#### [DATASET EXCERPTS]

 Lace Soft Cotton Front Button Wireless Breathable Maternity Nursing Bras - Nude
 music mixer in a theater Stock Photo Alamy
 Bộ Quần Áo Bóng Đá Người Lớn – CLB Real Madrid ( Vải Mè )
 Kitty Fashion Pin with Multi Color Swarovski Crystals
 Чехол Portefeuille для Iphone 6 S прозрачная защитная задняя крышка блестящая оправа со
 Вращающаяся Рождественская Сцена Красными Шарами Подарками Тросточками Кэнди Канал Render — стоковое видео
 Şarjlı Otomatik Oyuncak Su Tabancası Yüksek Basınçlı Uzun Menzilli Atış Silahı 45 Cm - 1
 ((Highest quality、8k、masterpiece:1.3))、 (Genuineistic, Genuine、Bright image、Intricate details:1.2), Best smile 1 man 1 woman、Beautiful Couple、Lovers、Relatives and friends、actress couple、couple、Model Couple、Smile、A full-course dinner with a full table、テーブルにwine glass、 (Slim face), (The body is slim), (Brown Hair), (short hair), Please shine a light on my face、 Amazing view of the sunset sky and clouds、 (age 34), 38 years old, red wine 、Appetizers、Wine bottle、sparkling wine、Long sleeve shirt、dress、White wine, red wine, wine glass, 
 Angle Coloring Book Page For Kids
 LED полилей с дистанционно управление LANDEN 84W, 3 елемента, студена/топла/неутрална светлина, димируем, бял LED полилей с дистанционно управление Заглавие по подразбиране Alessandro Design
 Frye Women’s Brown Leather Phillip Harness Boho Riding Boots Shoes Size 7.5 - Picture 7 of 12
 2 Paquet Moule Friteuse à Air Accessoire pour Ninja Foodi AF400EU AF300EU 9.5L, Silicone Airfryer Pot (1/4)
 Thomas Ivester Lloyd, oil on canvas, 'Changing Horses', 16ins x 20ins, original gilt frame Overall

#### [PROBLEM DETAILS]
Write out word for word only the lines from the one with "LED полилей с дистанционно управление LANDEN" to the end of the material, both ends included.

#### [FINAL ANSWER]
 LED полилей с дистанционно управление LANDEN 84W, 3 елемента, студена/топла/неутрална светлина, димируем, бял LED полилей с дистанционно управление Заглавие по подразбиране Alessandro Design
 Frye Women’s Brown Leather Phillip Harness Boho Riding Boots Shoes Size 7.5 - Picture 7 of 12
 2 Paquet Moule Friteuse à Air Accessoire pour Ninja Foodi AF400EU AF300EU 9.5L, Silicone Airfryer Pot (1/4)
 Thomas Ivester Lloyd, oil on canvas, 'Changing Horses', 16ins x 20ins, original gilt frame Overall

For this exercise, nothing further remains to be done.